The Potemkin was completed just in time to receive the first collection of Mars rocks, which had been collected by the new Russian Mars probe. Eager chemists quickly retrieved the Martian rocks from the probe’s hold and scampered to the brand new chemistry lab.

In later years, it would be discovered that the fired programmer had also mistyped the variable used for the lab’s waste tanks, calling it “tank1.” The station’s fuel tanks had been defined in the computer code as “tank1” and the lab’s waste tanks were defined as “tank2”. Naturally, the computer had no way of knowing that the programmer had meant to type “tank2.” So, instead of purging the waste tank during startup, the system purged the freshly filled fuel tanks … spilling fuel across the hot exhaust ports of the Russian Mars probe. Of course, without oxygen, the fuel would never have burned. Unfortunately, the programmer had also declared his variable as a Global variable, which overwrote all the “tank1” variables in the entire computer system. The computer was supposed to work this way. It had no way of knowing that the programmer didn’t want to overwrite all those other “tank1” variables. A computer, after all, only does what it’s told.

Since a different programmer had programmed each tank’s operating code, and since they had all called their variables “tank1”, the end result was the purging of every single tank in the station except the waste tank! The result was truly spectacular!

The exploding fuel tore out the docking platform and much of the station wall, hurling the Potemkin downward and out of orbit. The station crew escaped to the nearby space shuttle, but the chemists were left locked in their lab. They quickly exited through the outer wall, which was missing anyway. They didn’t plan it that way, that sort of thing just naturally happens during explosive decompression. Space suits would have been nice, but the chemists hadn’t expected the wall to suddenly disappear, so they weren’t wearing any. However, in the interest of fairness, I should say that they were very boring chemists, so no one missed them. In fact, after the shuttle landed with the rest of the crew, someone remarked “Didn’t we have some chemists with us?” Everyone shrugged, and then ran home to write their story – visions of movie rights dancing in their heads.

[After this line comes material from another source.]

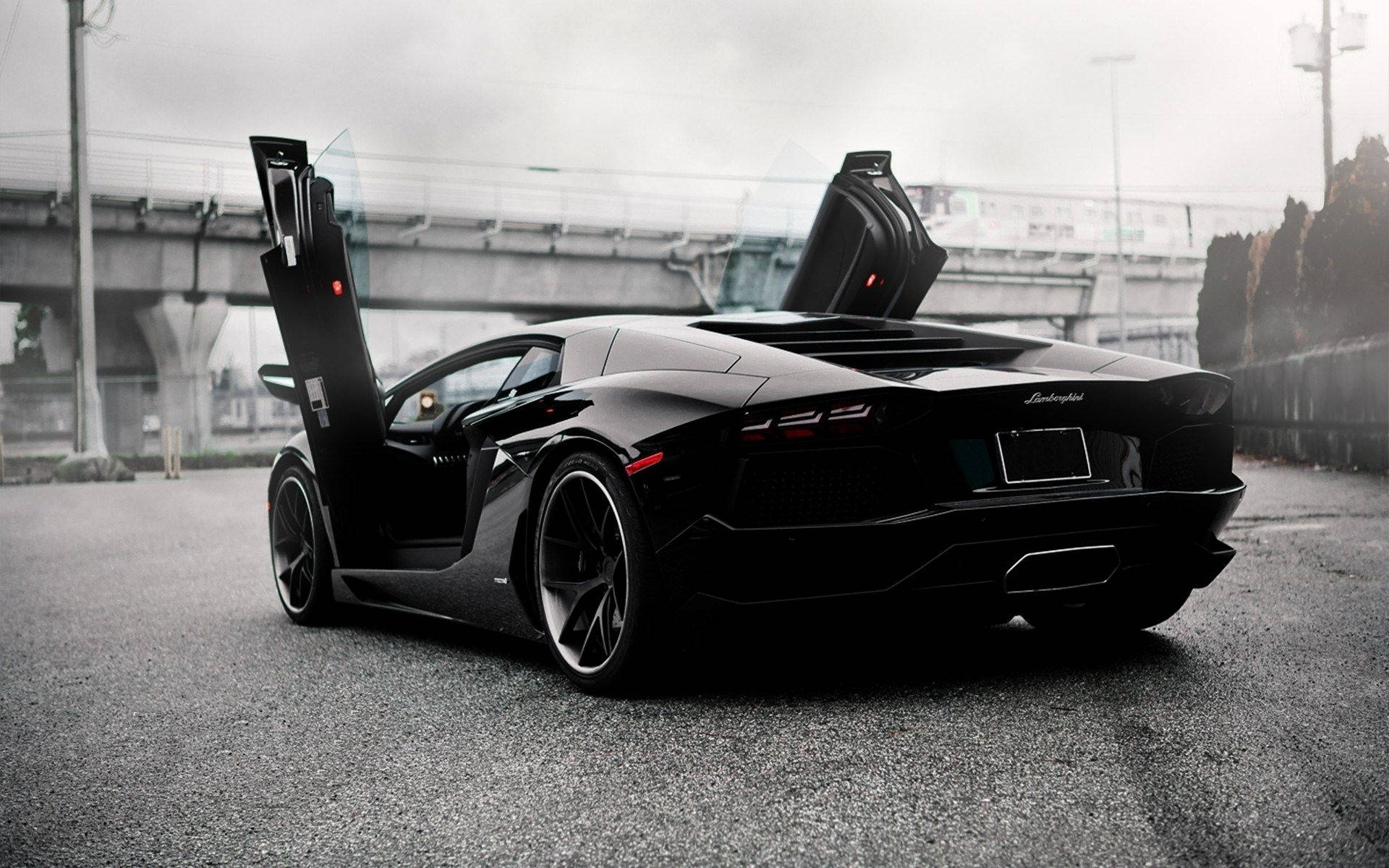 Lamborghini Aventador Lp700 Sports Cars Background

Chinese astronomers confirmed that the Potemkin was going to crash into the western portion of the Gobi desert – the most desolate and isolated place on Earth. The Chinese government, viewing this as an attack on their country, immediately sealed their borders and declared full ownership of the movie rights. This, of course, angered the former station personnel, who had hoped to sell their stories and retire as millionaires. The resulting lawsuits would tie up international courts for years, also delaying any trip to survey the crash site.

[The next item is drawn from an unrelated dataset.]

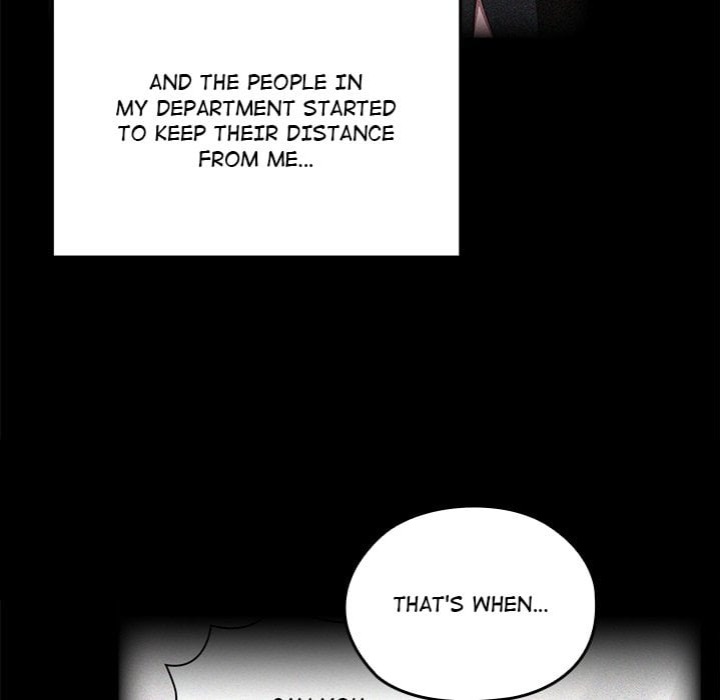 Office Shitbag Alert Chapter 82 - Page 69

Meanwhile, environmentalists worldwide despaired over the plight of the displaced people of the Gobi desert. They collected mountains of money to feed and house the poor homeless refugees from the Gobi desert. Eventually, they discovered that there are no people of the Gobi desert (remember – Gobi Desert: the most desolate and isolated place on Earth, even including Canada), so they used the money to buy condominiums and retired from environmentalism.

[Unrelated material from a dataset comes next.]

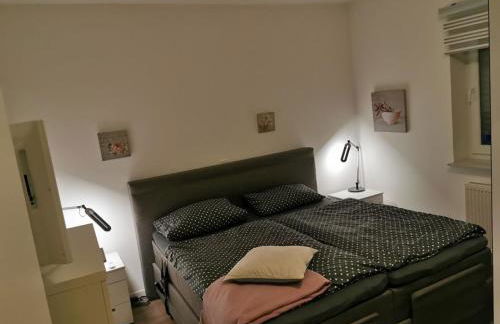 NEU! Schicke und moderne FeWo Lindenalle OG - Foto 5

The little lizard looked up; the wind had picked up considerably. Above him, the sky glowed bright yellow, something was falling rapidly towards him ….

WHAM!!!!!!!!!!!!!!!!!!!!

The resulting fireball threw out mountains of debris – rocks, burning fuel, metal, plutonium, pieces of lizard, and tiny micro-organisms from the Mars rocks – they all fused together in a radioactive glow, forming a surrealistic landscape of broken, grayish-black rocks.